ISU perubahan kurikulum
menghangat kembali seiring dengan banyaknya kasus pelanggaran dalam dunia
pendidikan, mulai dari tawuran yang seakan tiada henti di kalangan para siswa
dan mahasiswa hingga persoalan kebijakan seperti ujian nasional yang tetap kontroversial.
Belum lagi hilangnya kesadaran untuk saling berbagi dan menghormati dalam
praktik kehidupan sehari-hari, yang lagi-lagi ditandai dengan tergerusnya
tatanan sosial masyarakat kita dari nilai-nilai dan prinsip hidup bernegara
seperti tecermin dalam falsafah negara, Pancasila.
Apa yang salah dengan pendidikan
kita? Bahkan orang sekaliber Boediono dengan posisi politik sebagai seorang
Wakil Presiden juga jengah melihat fakta sistem pendidikan kita yang ia katakan
tidak memiliki arah jelas (Kompas, 23/8). Isyarat itu seolah mengonfirmasi
butuhnya sebuah perubahan fundamental di bidang manajemen dan pengembangan
kurikulum yang mampu mengatasi tantangan abad ke-21 yang semakin kompleks dan
memiliki kecepatan perubahan yang sulit diduga.
Meskipun arah perubahan dan
pengembangan kurikulum pendidikan di Indonesia sudah mengerucut pada peletakan
tanggung jawab di tingkat satuan pendidikan, prinsip dasar peletakan tanggung
jawab itu tidak dibarengi pengembangan kapasitas guru dalam mengawal kebijakan
tersebut. Dalam ratusan kali kesempatan melatih guru di bidang pengembangan
kurikulum, didapati banyak sekali kebingungan para guru dalam memahami maksud
dan tujuan kurikulum tingkat satuan pendidikan karena notebene guru kurang
memiliki kapasitas dan kreativitas sebagai pengembang kurikulum.

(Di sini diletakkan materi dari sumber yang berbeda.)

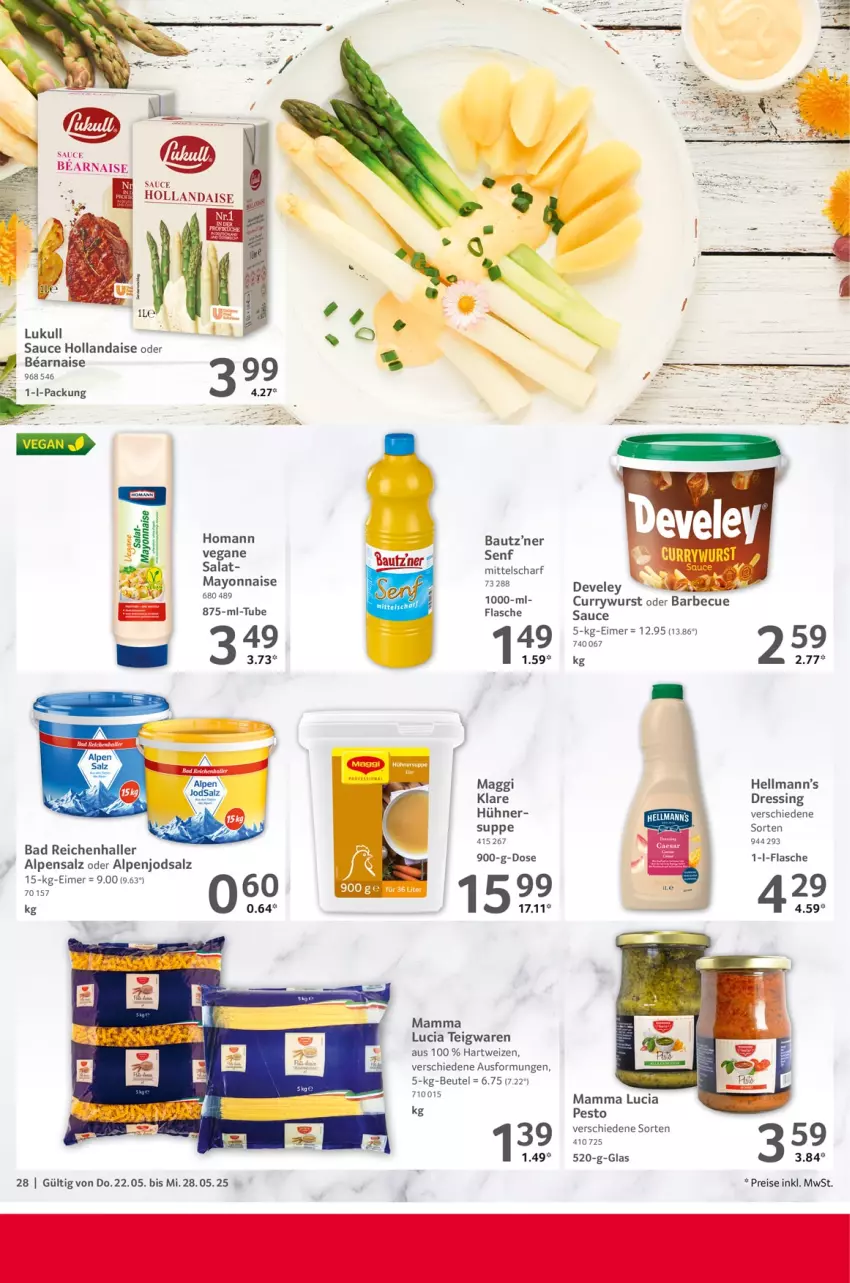 Aktueller Prospekt Selgros - Food - von 22.05 bis 28.05.2025 - strona 28 - produkty: Bad, barbecue, Bau, beutel, curry, currywurst, dressing, eimer, eis, flasche, hartweizen, hollandaise, homann, hühner, lukull, maggi, mam, mayonnaise, pesto, reis, salat, salz, sauce, sauce hollandaise, senf, suppe, teigwaren, Ti, wurst, Yo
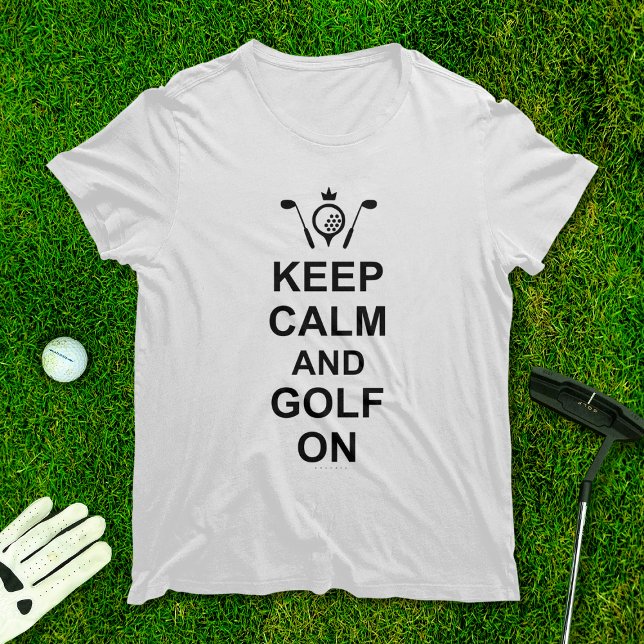 Behålla Lugn och Golf on Golfing Quote Roligt Golf T Shirt (Skapare uppladdad)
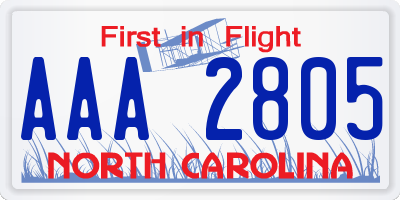 NC license plate AAA2805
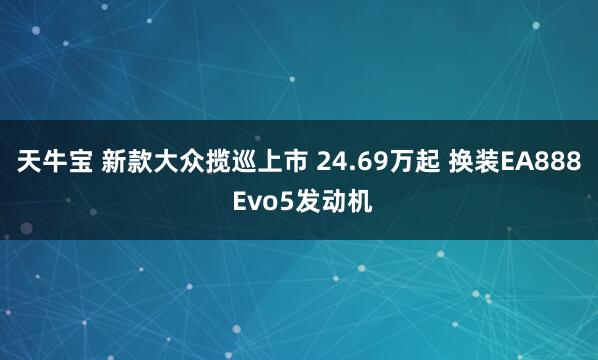 天牛宝 新款大众揽巡上市 24.69万起 换装EA888 Evo5发动机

Salah satu yang kerap mengemuka
ialah pemaknaan dan tanggung jawab guru sebagai pengembang kurikulum terkadang
selalu terbentur dengan posisi hierarkis birokrasi pendidikan kita yang tidak
menempatkan guru dalam posisi sejajar dengan pengawas dan kepala sekolah.
Padahal, jika secara teoretis tanggung jawab guru lebih banyak dari siapa pun
sesama pemangku kepentingan (stakeholder) bidang pendidikan, sudah sepantasnya
seluruh kebijakan dan program didorong untuk meningkatkan kapasitas guru.
Dalam siklus manajemen kurikulum,
baik pada aspek desain maupun delivery, peran sentral guru sangat signifikan.
Pada aspek desain yang terdiri dari konstruksi kurikulum, pengembangan, hingga
pelembagaan dan modifi kasi kurikulum, seharusnya dan sepantasnya otoritas
pendidikan kita ikut melibatkan guru dalam menyu sun kerangka dasar rencana
pembelajaran secara makro. Ketiadaan wakil guru dalam proses ini pasti akan
menyebabkan terjadinya kebingungan yang luar biasa dalam memaknai dan
menjalankan konsep kurikulum tingkat satuan pendidikan.
Minimnya keterlibatan peran guru
dalam aspek desain pasti akan memengaruhi aspek delivery yang terdiri dari
implementasi kurikulum di tingkat kelas, bagaimana memperoleh dan menggali
umpan balik (feedback), serta melakukan proses evaluasi atau penilaian terhadap
proses belajar-mengajar. Karena itu, sangat wajar jika kegagapan selalu muncul
di kalangan guru begitu ada kebijakan dan penamaan baru dari rencana perubahan
kurikulum nasional. Penting memahami siklus manajemen kurikulum sebagai sebuah
tools dalam membuat standar kebijakan di bidang kurikulum serta
mengidentifikasi sebanyak mungkin pemangku kepentingan yang terlibat di
dalamnya, termasuk guru (Fenwick W English: 2002).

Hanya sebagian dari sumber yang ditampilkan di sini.